10. Twenty four days too many? Then think of the 4 weeks of Advent and light a candle for each week. This little piggy will be just perfect

  • It helps to start collecting little presents well in advance, ie now, and think of variety so as to avoid 24 sweetie packages. 
  • Some of the treats could be written on a card  such as a trip to the theatre, ice cream parlour etc. 
  • Don't feel the pockets have to be filled with material things. Thoughts and promises are good too.
  • The first year I made an Advent Calendar, we still had all 3 children at home and buying 72 presents was a mammoth and expensive task. So if you are trying this for the first time and have several children to buy for, try to be creative in the type of 'gifts' or let the children take it in turns to open it for that day.
  • I would love to hear of any ideas you have tried and what gifts you may fill the pockets with.
  • If the gift is too big for the pocket, try wrapping it and then using a clothes peg to clip it to the outside of the pocket!
  • No child? Then do one for your partner and have fun ... or better still show them this blog and get them inspired to make one for you! 
Extra ideas from your comments:
  1. Maria suggests that we could add 2 -30 pieces from a jigsaw puzzle everyday to the 24 pockets (do your maths according to how big the jigsaw is!). Then the family can assemble the jigsaw through Advent, only seeing the picture when it is complete. Sounds perfect for all ages and jigsaw abiltiies! I am definitely doing that this year, though it has to be for the last week of Christmas as we are only all together from december 18th!

Week 1 - 30th September

Start now and you can be ready by Christmas!

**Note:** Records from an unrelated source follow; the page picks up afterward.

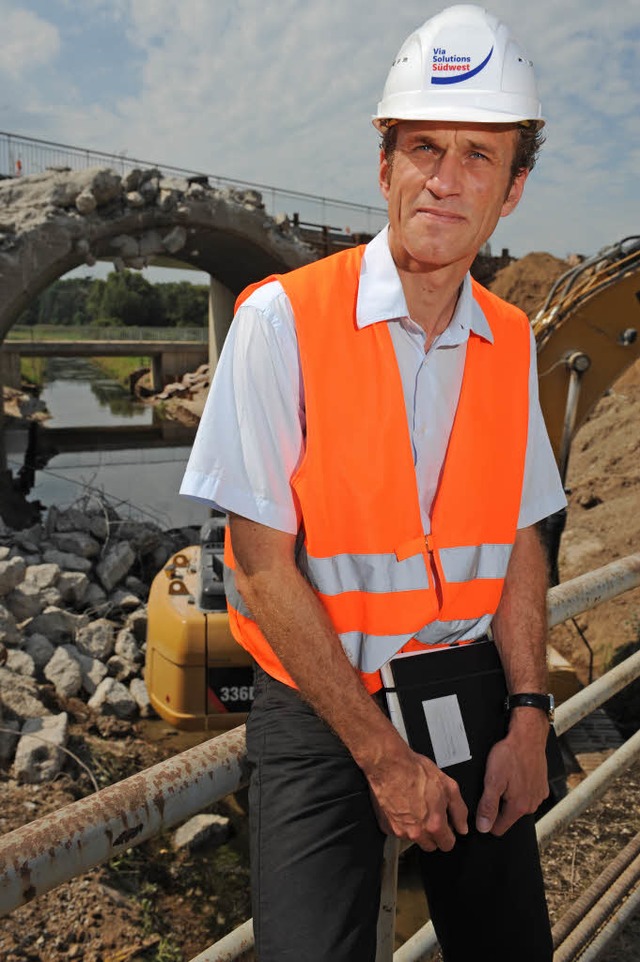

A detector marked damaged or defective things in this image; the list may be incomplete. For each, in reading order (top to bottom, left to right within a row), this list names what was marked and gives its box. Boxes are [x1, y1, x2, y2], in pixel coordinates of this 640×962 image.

pile of broken concrete [0, 496, 198, 780]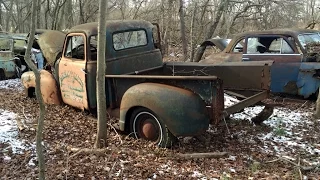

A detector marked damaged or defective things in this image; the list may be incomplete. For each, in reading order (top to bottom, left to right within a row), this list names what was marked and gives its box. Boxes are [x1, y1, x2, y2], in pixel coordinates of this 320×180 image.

rusty pickup truck [21, 20, 272, 146]
rusty pickup truck [200, 29, 320, 98]
abandoned sedan [201, 28, 320, 97]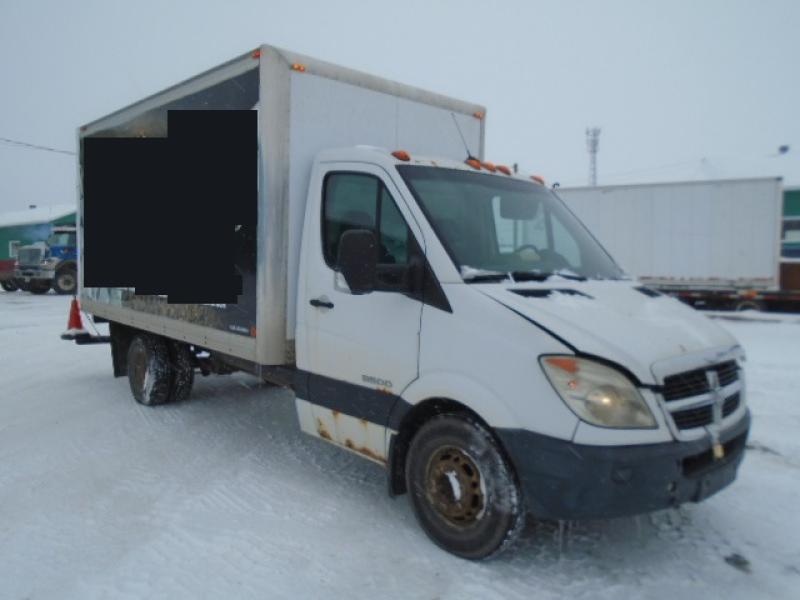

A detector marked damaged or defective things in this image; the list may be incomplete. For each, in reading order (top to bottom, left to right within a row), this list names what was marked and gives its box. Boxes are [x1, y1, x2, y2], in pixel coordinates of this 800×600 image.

rust damage [316, 418, 332, 440]
rust damage [342, 438, 386, 466]
rusty wheel [428, 446, 484, 524]
rusty wheel [404, 410, 520, 560]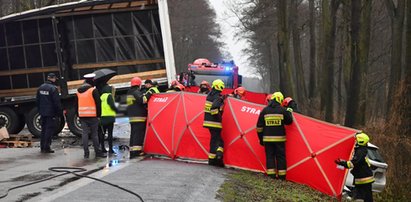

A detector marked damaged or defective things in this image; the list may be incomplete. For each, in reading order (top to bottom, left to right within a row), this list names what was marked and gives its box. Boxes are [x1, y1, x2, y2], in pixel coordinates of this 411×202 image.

overturned truck trailer [0, 0, 175, 137]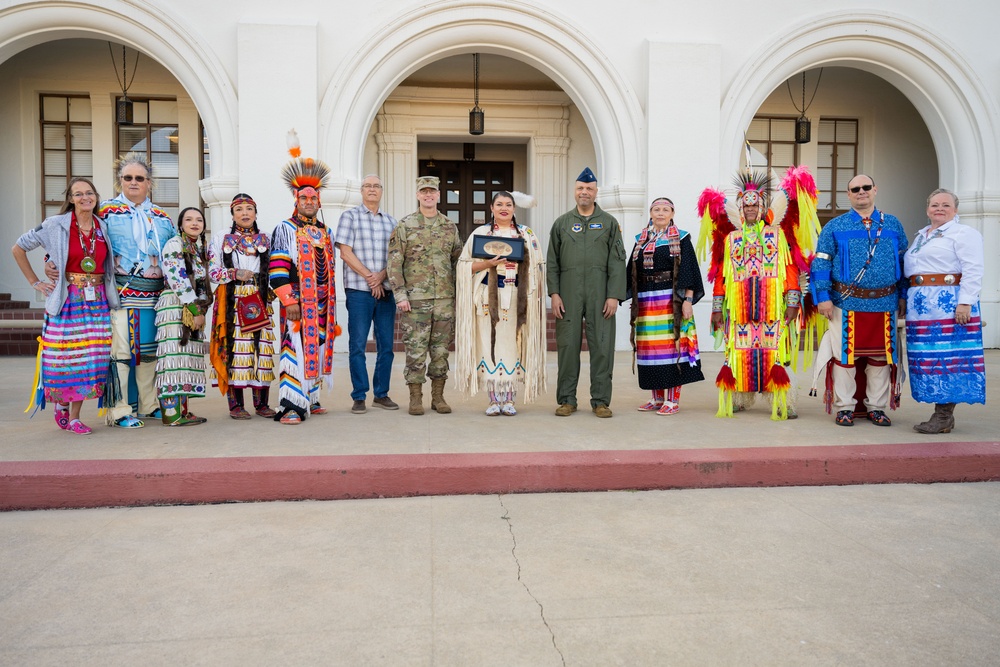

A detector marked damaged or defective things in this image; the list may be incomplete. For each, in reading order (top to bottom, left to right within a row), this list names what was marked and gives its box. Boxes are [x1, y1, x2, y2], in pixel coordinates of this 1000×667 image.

crack in concrete [498, 496, 568, 667]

Yes it's still September and I am daring to mention the C word!

Today I am starting a weekly column to get ready for Christmas 
and I am inviting you to join me
 every Wednesday C.M.T. (China Me Time) and get involved.

 Rather than adding to the pressure, the plan is to enjoy making and creating 
some unique, fun and stylish things for Christmas. 

Let's start with an image that I discovered on Flickr a few months ago 
and began my creative christmas crusade. 
Isn't this amazing?
Image by Jane Schouten

Jane's inspirational mural is just perfect for people like me 
who have boxes of little treasures - too lovely to throw away 
but on their own too random to make much with.
 Now we have the answer!

This afternoon I started to delve into my boxes and soon had a starter pack for my tree.
I encourage you to make a little box this week and start collating things to go on your wall tree
How big should they be? 
Well that depends on the size of your final tree. 
I intend to have a wall tree about 5 foot high (1.70m),
 so objects between 1 and 4 inches (2 -10cm) will be fine.
Don't worry about to fix them to the wall - I will come back to that nearer the time. 
Having some little pegs will be handy and nothing wants to be too heavy.
Don't be limited to Christmassy things- think of it as a winter wonderland tree.

I am not going to pretend I have all the answers yet but I never let that stop me in the past!
Won't it be great to create something from all your long forgotten ephemera? 
Of course you may just need to go buy a few key extras but don't buy anything yet.